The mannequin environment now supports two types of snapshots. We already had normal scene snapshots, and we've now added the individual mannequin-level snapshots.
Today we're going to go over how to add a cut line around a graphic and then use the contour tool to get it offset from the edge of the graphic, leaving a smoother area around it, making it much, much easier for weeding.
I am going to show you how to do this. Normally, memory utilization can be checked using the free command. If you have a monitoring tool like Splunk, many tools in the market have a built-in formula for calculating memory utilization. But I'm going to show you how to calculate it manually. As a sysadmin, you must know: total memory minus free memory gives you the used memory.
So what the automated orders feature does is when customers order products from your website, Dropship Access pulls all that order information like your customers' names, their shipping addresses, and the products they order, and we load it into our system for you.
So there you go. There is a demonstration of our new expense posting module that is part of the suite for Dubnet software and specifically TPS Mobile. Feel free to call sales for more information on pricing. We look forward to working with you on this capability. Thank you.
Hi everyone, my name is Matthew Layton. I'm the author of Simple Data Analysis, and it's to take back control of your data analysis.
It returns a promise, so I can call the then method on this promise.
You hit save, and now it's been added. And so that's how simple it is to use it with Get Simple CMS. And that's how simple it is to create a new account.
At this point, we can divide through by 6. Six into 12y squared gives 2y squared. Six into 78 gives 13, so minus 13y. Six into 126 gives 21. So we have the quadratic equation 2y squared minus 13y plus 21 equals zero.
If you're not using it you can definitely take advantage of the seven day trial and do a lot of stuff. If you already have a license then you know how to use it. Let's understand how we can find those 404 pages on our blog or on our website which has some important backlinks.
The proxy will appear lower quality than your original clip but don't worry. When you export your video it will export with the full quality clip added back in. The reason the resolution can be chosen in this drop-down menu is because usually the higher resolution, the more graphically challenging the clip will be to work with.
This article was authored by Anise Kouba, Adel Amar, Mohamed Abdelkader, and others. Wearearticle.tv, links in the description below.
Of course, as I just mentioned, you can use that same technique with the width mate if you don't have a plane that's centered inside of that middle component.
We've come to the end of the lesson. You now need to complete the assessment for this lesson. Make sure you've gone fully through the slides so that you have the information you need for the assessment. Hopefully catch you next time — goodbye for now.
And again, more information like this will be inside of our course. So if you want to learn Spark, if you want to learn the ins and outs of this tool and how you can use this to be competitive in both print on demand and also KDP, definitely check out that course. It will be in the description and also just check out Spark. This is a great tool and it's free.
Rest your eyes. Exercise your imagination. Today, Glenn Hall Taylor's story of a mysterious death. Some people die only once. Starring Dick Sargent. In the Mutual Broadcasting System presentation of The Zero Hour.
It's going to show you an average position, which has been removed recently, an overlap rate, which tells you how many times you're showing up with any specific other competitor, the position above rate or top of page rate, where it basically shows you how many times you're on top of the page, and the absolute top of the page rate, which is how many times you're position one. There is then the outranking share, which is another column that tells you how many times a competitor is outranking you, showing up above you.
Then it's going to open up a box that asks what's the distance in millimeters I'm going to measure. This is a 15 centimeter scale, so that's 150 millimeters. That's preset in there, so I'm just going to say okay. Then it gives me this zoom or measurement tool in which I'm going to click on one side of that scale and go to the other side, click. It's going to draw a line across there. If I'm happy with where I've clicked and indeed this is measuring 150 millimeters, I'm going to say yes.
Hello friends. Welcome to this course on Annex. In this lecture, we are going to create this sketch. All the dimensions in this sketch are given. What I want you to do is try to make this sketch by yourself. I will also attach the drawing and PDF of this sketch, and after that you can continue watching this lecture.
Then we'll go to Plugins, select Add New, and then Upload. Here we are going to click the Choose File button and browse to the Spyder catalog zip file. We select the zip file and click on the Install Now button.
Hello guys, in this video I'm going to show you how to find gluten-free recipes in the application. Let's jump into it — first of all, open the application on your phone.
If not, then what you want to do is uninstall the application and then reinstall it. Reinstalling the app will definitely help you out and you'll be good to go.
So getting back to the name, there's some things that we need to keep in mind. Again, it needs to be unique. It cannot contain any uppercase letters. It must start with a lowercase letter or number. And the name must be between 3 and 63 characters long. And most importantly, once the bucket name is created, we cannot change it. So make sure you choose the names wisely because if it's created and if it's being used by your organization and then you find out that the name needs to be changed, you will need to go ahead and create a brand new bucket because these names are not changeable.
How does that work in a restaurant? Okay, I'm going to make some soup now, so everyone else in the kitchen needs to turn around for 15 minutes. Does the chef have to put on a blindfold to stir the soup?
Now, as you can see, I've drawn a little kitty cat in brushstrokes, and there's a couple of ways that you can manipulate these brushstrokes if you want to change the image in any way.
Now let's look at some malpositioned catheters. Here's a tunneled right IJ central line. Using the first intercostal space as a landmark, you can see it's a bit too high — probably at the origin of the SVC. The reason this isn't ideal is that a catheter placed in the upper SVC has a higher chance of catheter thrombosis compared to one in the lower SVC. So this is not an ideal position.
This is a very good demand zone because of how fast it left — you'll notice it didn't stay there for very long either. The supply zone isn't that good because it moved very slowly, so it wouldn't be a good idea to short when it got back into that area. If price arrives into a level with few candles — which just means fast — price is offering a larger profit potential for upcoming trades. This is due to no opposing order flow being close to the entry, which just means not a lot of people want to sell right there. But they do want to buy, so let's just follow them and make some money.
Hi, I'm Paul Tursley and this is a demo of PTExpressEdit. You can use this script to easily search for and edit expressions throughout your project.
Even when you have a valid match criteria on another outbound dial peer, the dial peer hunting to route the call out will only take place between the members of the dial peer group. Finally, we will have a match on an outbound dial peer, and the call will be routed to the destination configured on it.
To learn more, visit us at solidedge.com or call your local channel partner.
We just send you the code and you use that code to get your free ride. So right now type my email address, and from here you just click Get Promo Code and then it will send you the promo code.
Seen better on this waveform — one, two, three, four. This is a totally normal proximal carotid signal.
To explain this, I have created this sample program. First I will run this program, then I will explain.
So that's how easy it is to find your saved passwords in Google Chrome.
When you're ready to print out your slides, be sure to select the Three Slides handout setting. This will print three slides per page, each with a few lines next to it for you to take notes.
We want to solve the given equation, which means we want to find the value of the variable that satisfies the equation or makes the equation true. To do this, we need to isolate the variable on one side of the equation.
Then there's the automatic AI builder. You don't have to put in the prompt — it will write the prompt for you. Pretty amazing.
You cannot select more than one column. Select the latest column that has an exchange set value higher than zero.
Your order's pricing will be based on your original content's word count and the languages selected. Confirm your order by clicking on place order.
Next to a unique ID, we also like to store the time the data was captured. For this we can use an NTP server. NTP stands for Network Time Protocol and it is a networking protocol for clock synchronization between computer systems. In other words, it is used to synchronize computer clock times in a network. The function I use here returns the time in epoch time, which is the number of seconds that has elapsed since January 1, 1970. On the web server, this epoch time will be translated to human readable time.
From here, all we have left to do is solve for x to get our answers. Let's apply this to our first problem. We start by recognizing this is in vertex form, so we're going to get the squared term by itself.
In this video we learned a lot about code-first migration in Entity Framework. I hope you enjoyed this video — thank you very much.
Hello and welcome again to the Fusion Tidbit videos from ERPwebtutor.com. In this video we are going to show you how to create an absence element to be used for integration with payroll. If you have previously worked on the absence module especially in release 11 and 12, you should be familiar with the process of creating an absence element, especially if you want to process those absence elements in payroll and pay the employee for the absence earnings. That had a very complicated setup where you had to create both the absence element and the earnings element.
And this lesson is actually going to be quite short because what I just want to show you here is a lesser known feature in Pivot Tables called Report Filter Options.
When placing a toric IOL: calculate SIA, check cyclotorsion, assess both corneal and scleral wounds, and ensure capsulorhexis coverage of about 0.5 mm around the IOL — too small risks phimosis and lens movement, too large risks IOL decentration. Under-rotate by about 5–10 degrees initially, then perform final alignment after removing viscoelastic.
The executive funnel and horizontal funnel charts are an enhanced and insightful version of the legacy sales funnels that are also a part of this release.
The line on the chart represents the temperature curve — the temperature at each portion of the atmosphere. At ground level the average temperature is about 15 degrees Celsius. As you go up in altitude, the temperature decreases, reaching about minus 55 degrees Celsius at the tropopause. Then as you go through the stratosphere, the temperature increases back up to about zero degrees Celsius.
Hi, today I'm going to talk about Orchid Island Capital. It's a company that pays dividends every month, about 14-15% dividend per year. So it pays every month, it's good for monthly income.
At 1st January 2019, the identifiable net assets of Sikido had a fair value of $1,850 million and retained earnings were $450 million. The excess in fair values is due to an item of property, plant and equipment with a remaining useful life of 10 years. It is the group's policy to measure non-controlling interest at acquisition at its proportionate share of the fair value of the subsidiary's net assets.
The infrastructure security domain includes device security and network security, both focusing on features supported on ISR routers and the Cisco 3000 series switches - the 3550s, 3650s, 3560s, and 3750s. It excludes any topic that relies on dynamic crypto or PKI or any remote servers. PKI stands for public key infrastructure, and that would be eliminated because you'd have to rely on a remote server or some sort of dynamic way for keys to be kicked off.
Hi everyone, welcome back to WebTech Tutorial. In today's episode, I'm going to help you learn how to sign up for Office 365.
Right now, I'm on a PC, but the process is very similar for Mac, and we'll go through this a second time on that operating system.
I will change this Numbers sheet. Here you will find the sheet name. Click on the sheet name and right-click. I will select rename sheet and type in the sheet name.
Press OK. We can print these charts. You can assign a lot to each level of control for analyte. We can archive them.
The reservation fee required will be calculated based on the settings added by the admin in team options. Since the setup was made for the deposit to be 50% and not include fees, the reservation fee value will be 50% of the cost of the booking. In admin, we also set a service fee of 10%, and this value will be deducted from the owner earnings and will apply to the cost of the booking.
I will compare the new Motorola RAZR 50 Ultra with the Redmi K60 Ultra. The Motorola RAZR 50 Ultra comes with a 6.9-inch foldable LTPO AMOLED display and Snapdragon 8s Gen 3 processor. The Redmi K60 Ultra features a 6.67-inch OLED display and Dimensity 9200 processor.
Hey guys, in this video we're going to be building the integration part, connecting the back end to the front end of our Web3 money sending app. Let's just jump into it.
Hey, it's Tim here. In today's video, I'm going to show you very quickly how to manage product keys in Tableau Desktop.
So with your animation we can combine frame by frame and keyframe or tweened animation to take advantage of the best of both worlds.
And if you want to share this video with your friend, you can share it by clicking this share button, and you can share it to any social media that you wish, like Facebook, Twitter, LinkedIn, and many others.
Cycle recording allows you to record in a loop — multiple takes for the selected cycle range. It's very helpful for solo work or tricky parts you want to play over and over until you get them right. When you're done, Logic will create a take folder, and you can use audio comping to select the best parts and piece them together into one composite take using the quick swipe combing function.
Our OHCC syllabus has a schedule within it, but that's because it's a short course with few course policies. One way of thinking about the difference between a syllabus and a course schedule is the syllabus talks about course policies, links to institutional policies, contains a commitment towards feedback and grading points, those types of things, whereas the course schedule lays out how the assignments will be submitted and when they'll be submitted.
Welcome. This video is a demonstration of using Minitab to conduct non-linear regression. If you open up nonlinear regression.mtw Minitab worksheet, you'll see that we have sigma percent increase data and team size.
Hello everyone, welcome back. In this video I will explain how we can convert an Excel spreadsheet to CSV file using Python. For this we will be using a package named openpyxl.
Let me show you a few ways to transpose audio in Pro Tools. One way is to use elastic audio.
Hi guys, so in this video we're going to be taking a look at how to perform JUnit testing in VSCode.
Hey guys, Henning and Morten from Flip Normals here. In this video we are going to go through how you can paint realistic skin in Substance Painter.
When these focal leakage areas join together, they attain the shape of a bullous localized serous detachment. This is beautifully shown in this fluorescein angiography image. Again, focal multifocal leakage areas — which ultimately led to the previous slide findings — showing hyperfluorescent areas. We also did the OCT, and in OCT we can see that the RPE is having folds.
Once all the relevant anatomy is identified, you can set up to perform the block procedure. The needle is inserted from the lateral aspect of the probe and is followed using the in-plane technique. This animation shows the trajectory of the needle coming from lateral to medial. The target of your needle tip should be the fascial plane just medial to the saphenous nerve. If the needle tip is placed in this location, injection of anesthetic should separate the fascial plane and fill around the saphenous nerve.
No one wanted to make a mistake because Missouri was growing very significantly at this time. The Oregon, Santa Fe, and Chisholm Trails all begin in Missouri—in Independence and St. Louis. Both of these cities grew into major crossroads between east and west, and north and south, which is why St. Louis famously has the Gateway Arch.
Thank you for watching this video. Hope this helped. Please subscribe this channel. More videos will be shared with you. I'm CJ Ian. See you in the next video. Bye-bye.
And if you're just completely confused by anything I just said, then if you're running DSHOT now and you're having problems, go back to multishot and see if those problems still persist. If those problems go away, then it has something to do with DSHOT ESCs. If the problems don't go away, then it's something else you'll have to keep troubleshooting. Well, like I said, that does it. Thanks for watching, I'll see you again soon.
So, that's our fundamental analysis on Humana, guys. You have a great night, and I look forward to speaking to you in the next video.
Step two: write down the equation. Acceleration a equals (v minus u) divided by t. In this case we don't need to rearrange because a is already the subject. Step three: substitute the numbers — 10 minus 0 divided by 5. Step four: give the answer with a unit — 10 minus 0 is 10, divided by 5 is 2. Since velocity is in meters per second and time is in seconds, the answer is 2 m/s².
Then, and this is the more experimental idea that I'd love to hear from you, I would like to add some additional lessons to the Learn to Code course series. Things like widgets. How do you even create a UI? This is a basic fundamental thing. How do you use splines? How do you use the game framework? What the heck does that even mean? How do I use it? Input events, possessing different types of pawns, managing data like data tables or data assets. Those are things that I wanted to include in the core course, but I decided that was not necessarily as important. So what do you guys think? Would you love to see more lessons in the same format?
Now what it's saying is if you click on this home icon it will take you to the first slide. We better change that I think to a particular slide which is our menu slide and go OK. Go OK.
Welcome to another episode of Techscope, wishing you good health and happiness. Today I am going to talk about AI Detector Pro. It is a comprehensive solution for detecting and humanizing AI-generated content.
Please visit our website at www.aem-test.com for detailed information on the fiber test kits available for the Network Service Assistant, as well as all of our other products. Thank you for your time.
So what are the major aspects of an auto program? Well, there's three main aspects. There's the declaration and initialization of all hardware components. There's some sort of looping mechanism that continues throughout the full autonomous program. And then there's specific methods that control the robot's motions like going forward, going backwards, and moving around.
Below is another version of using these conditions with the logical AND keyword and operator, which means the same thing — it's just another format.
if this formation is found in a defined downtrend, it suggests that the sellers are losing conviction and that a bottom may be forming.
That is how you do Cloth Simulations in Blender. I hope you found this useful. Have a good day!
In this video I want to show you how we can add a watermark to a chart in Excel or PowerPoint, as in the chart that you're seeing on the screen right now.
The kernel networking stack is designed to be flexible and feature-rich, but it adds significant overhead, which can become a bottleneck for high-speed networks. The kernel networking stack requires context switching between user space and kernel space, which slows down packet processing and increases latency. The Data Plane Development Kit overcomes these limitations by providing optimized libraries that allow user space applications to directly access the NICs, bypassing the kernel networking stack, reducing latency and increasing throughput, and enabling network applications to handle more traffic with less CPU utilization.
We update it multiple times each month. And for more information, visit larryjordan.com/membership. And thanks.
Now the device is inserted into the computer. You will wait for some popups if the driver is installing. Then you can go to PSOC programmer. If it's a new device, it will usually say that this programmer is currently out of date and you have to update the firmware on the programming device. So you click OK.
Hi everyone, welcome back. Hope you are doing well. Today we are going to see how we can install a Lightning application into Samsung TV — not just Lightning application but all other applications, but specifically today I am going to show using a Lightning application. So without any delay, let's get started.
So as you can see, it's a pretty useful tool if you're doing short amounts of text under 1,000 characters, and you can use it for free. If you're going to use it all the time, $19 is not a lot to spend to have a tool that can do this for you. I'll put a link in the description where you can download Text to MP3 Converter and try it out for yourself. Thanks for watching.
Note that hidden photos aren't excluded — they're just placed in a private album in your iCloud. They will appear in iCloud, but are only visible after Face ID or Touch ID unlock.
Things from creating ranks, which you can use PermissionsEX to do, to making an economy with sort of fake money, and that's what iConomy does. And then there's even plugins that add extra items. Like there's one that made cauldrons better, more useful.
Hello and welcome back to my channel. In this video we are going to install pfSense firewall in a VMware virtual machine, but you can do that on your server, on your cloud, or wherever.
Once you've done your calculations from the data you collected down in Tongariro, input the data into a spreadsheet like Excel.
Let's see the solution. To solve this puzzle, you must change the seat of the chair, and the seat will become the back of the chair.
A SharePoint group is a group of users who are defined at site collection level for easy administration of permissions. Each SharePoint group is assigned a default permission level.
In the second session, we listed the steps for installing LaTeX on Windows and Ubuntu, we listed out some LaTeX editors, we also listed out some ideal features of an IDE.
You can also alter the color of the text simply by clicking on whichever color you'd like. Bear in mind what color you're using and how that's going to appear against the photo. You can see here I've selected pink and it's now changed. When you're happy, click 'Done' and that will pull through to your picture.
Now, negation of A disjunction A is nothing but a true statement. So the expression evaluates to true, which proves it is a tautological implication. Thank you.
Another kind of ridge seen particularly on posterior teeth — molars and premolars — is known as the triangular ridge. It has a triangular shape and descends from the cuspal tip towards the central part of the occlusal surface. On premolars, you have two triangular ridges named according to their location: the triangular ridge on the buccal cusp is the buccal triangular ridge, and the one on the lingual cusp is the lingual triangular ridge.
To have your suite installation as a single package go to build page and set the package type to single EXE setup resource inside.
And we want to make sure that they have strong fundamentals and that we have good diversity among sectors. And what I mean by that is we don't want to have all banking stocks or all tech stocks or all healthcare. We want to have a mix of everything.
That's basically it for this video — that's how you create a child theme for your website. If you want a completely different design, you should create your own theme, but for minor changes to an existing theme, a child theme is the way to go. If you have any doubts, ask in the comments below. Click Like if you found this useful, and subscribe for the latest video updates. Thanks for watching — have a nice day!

□ □ □ □ □

Prompt: Select and copy every line from the records that includes the word "Excel".

Task solution:
Hello everyone, welcome back. In this video I will explain how we can convert an Excel spreadsheet to CSV file using Python. For this we will be using a package named openpyxl.
In this video I want to show you how we can add a watermark to a chart in Excel or PowerPoint, as in the chart that you're seeing on the screen right now.
Once you've done your calculations from the data you collected down in Tongariro, input the data into a spreadsheet like Excel.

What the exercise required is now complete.